• ENTRIES SHOWN

____

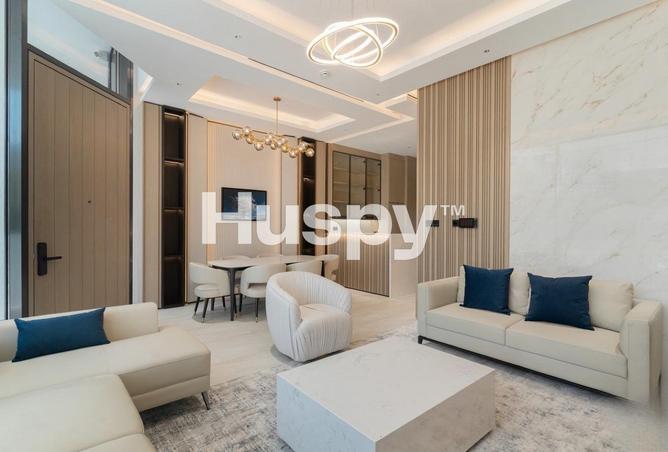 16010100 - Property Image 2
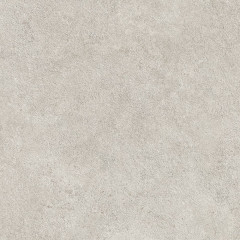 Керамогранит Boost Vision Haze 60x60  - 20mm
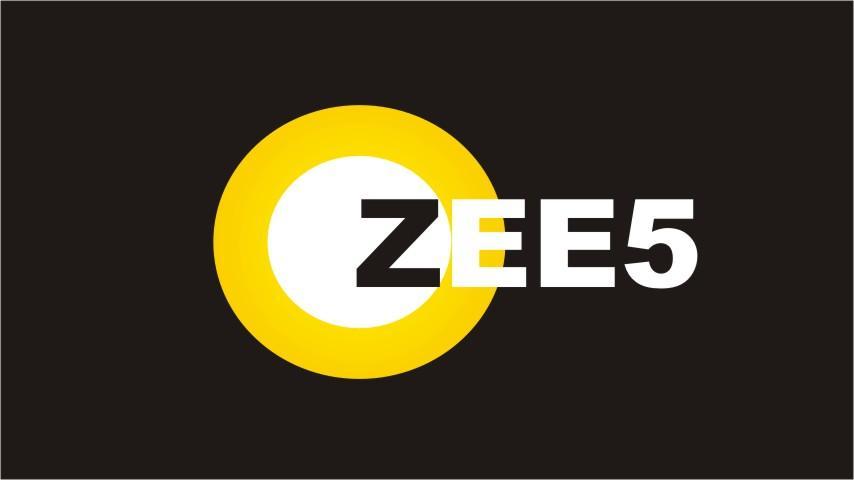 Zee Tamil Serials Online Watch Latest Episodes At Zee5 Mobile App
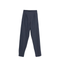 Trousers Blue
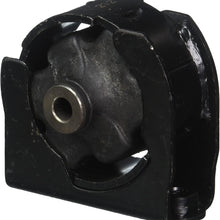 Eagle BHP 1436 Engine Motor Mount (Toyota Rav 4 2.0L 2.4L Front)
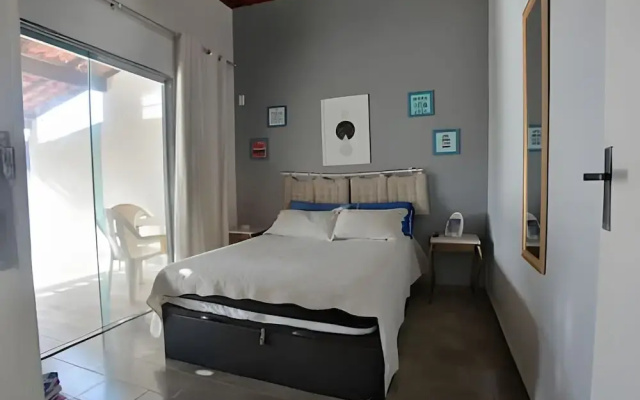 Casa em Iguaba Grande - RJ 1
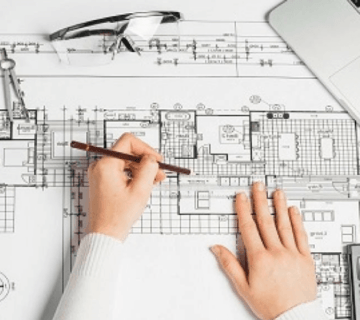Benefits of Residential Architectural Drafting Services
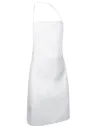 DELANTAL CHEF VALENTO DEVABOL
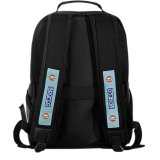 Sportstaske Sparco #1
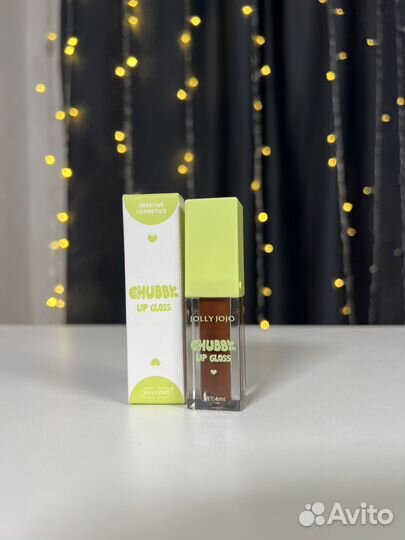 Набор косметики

____

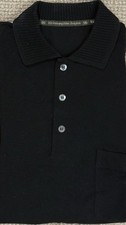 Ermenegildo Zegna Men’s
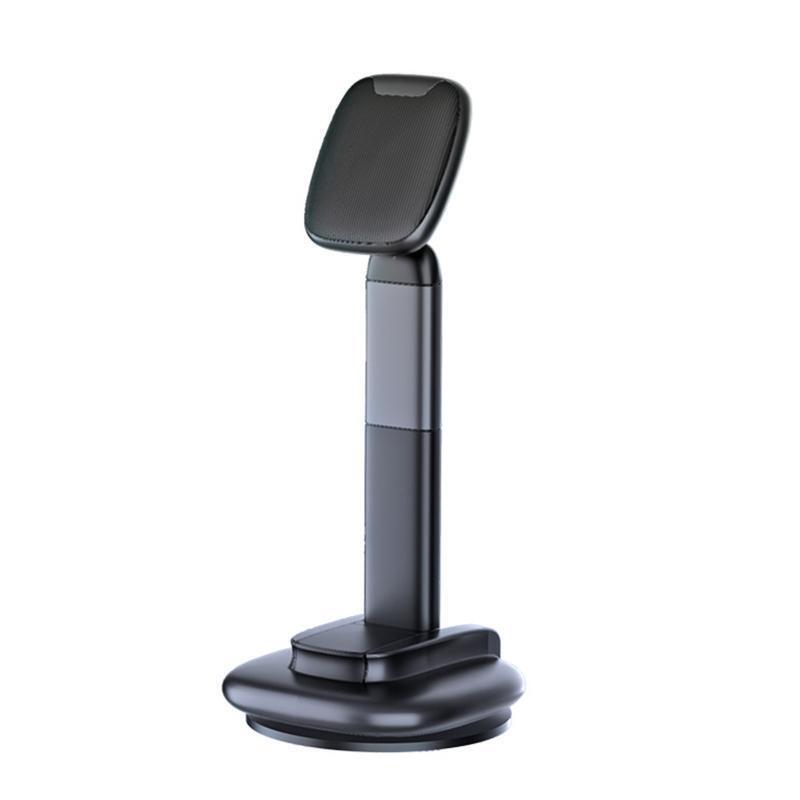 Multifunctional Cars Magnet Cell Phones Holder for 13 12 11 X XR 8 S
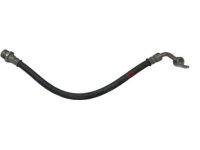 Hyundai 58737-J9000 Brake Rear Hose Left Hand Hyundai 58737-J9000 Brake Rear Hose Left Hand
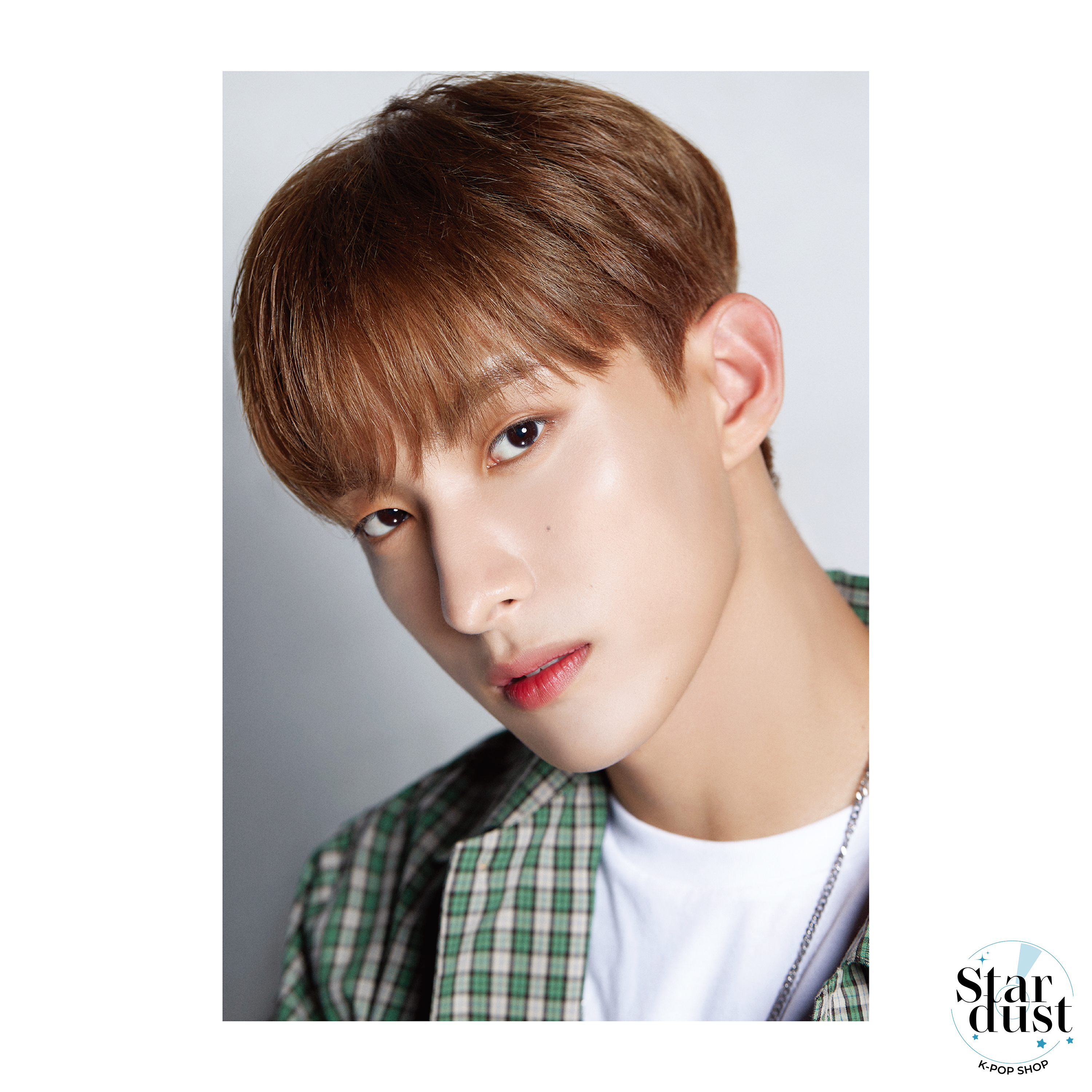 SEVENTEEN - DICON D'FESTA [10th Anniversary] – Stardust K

____

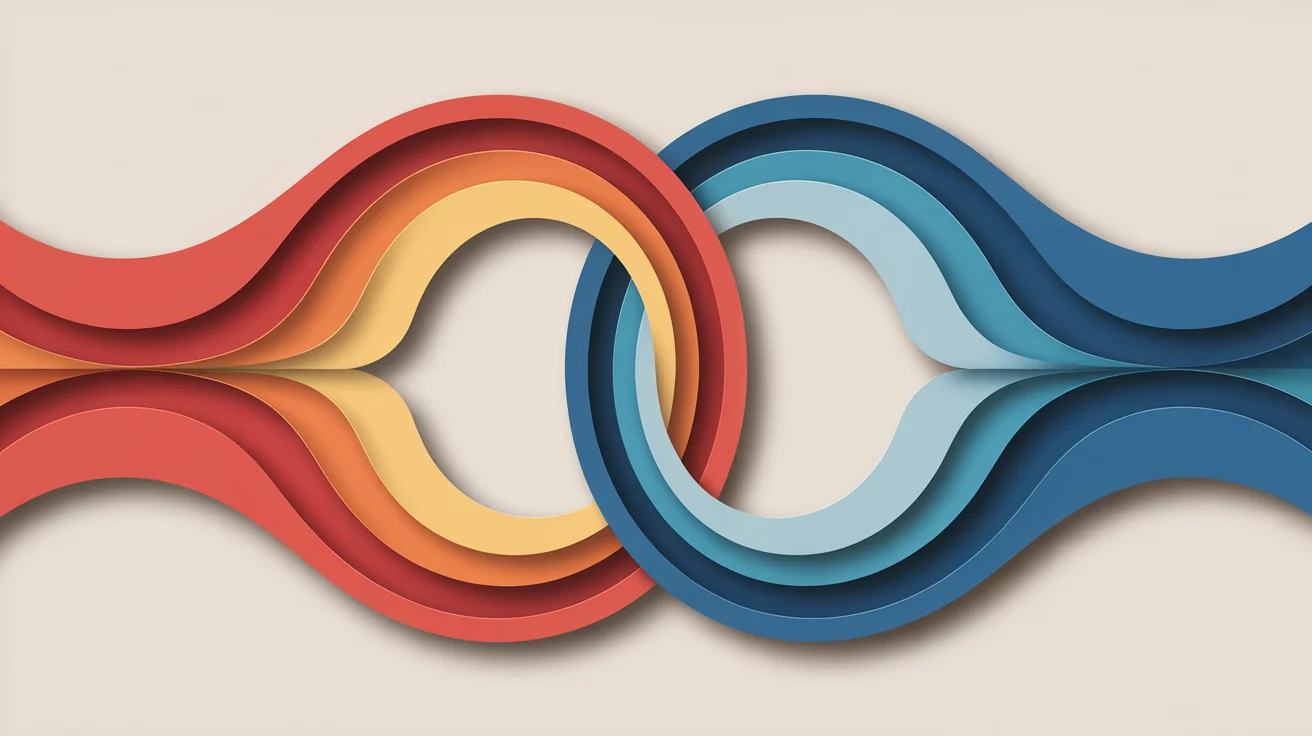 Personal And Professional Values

____

• WHAT YOU WILL DO
Among the records above, locate the line containing "Benefits of Residential" and the line containing "Набор косметики", then transcribe exactly the lines starting at the first and ending at the second, with no pictures.

• EXERCISE RESPONSE
Benefits of Residential Architectural Drafting Services
 DELANTAL CHEF VALENTO DEVABOL
 Sportstaske Sparco #1
 Набор косметики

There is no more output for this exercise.